Why You Should Start Investing In Stocks Today
Let’s cut to the chase—investing in stocks has its risks and it is definitely a little frightening in the beginning especially when you’re totally new to the game. It’s normal to have some doubts, considering the fact that you’re about to place your hard-earned money on something that isn’t consistent and a hundred percent certain. However, this shouldn’t be a reason to hold yourself back from learning and diving into the waters, or what we can refer to as the stock market.
What is the stock market?
Investopedia defines the stock market as a “collection of markets and exchanges where regular activities of buying, selling, and issuance of shares of publicly-held companies take place.“ Basically, these are companies that offer pieces of themselves to willing investors.
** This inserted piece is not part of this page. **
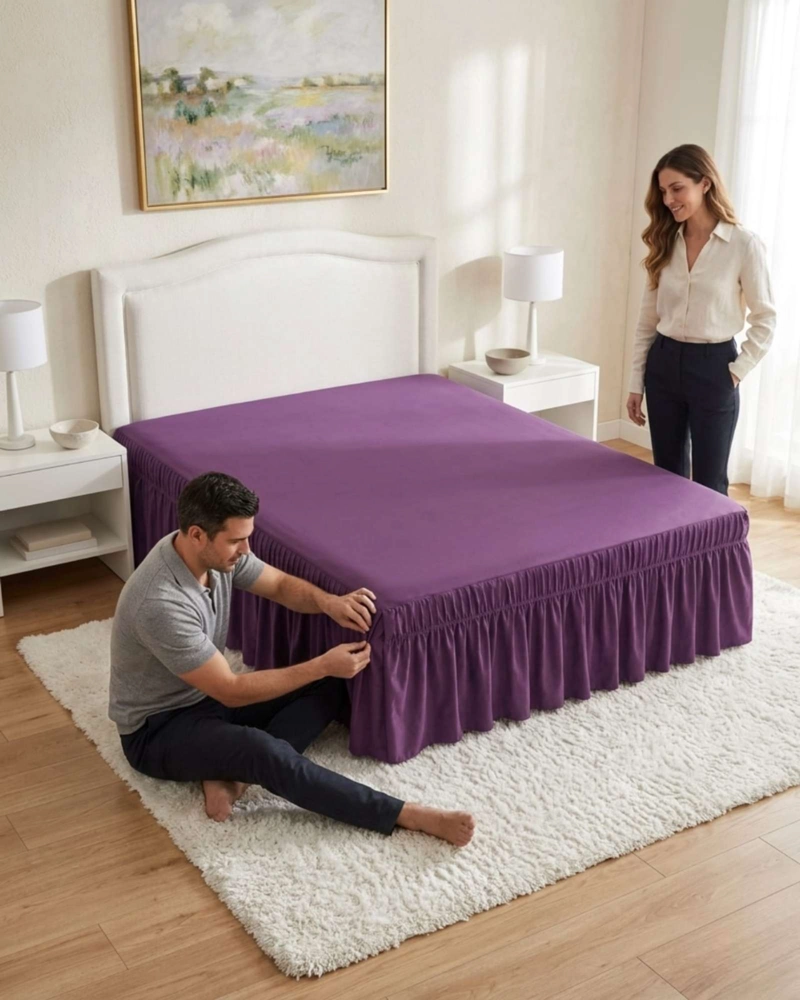 FALDON PARA CAMA KING CUBRE BASE PREMIUM CON PLIEGUES - 2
This piece is called a share and it sells for a certain amount based on the company’s value and earnings.
These investments, in return, help the company earn money, move forward, and become more successful. This exposes them to potential buyers, creating a more highly profitable image that results in an increase in demand for stocks. When the demand increases, so does the price and the value of the stocks other shareholders already own. (Good for them!)
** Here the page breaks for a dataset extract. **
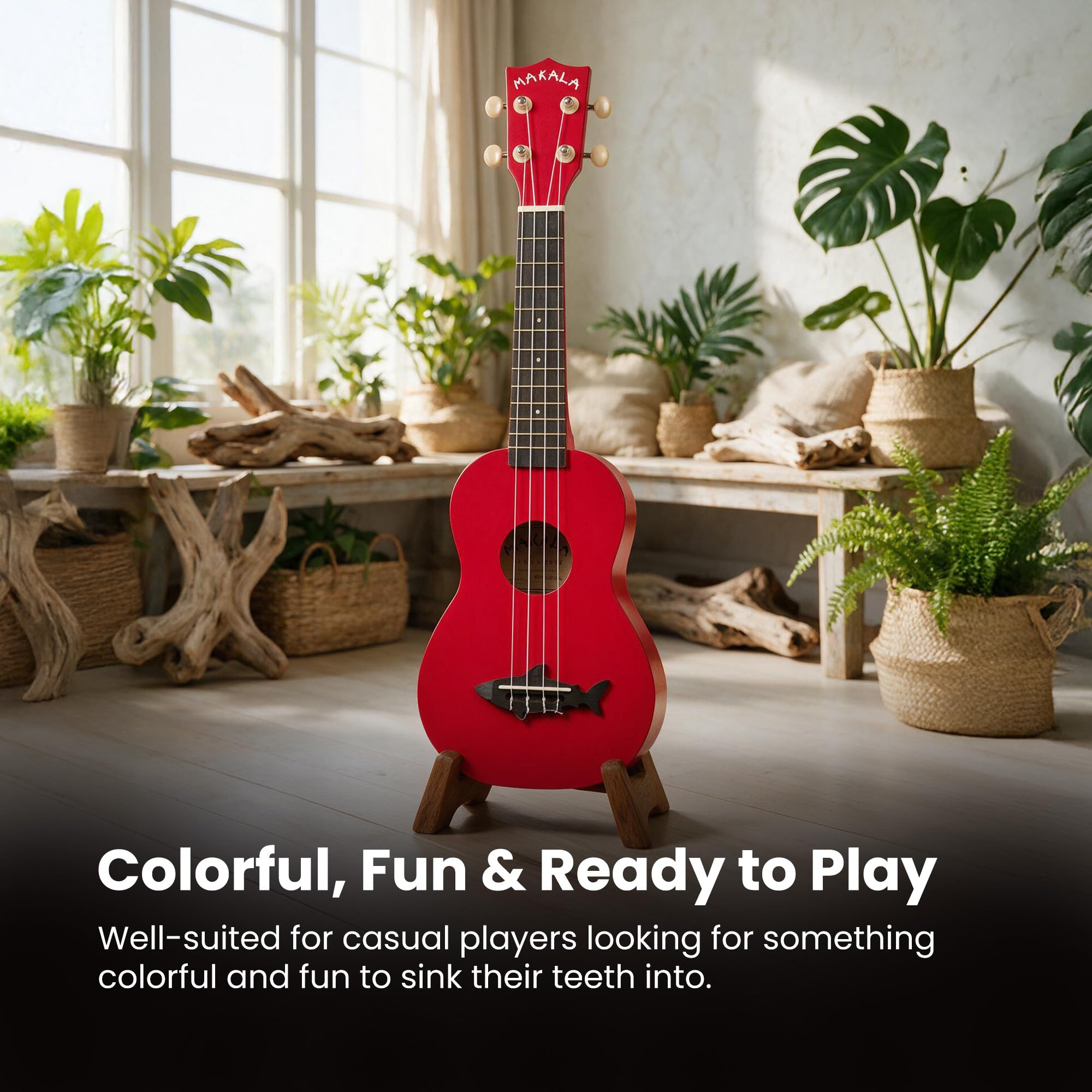 Kala Makala Shark MK-SS-RED - Red Sea Soprano Shark Ukulele, with Tote Bag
On the downside, when the company becomes less profitable, investors–some who chicken out early and those who are only “in it” for a short period of time–sell their stocks to avoid losing profit due to its declining value as the demand decreases. That, and the small possibility of the company going bankrupt while you’ve still got your money in their hands are the risks you are willing to take when investing in stocks.
It sounds pretty self-explanatory, however, there are great online courses that cover all you need to know about investing in the stock market. If you just need to be reminded of how engaging in the stock market has more profits than losses or if you simply need a little nudge to take action, we’re here to provide you a few of the many reasons why you should start investing in stocks.
Your money will grow.
Although the stock market has its ups and downs, it is still considered to be one of the best and safest ways to grow your money in the long run. Remember, investing in stocks is not a get-rich-quick scheme. According to Medium’s recently published article, How Much Money Can You Make Investing In Stocks, “stocks generally return 7–10% per year over long periods of time.”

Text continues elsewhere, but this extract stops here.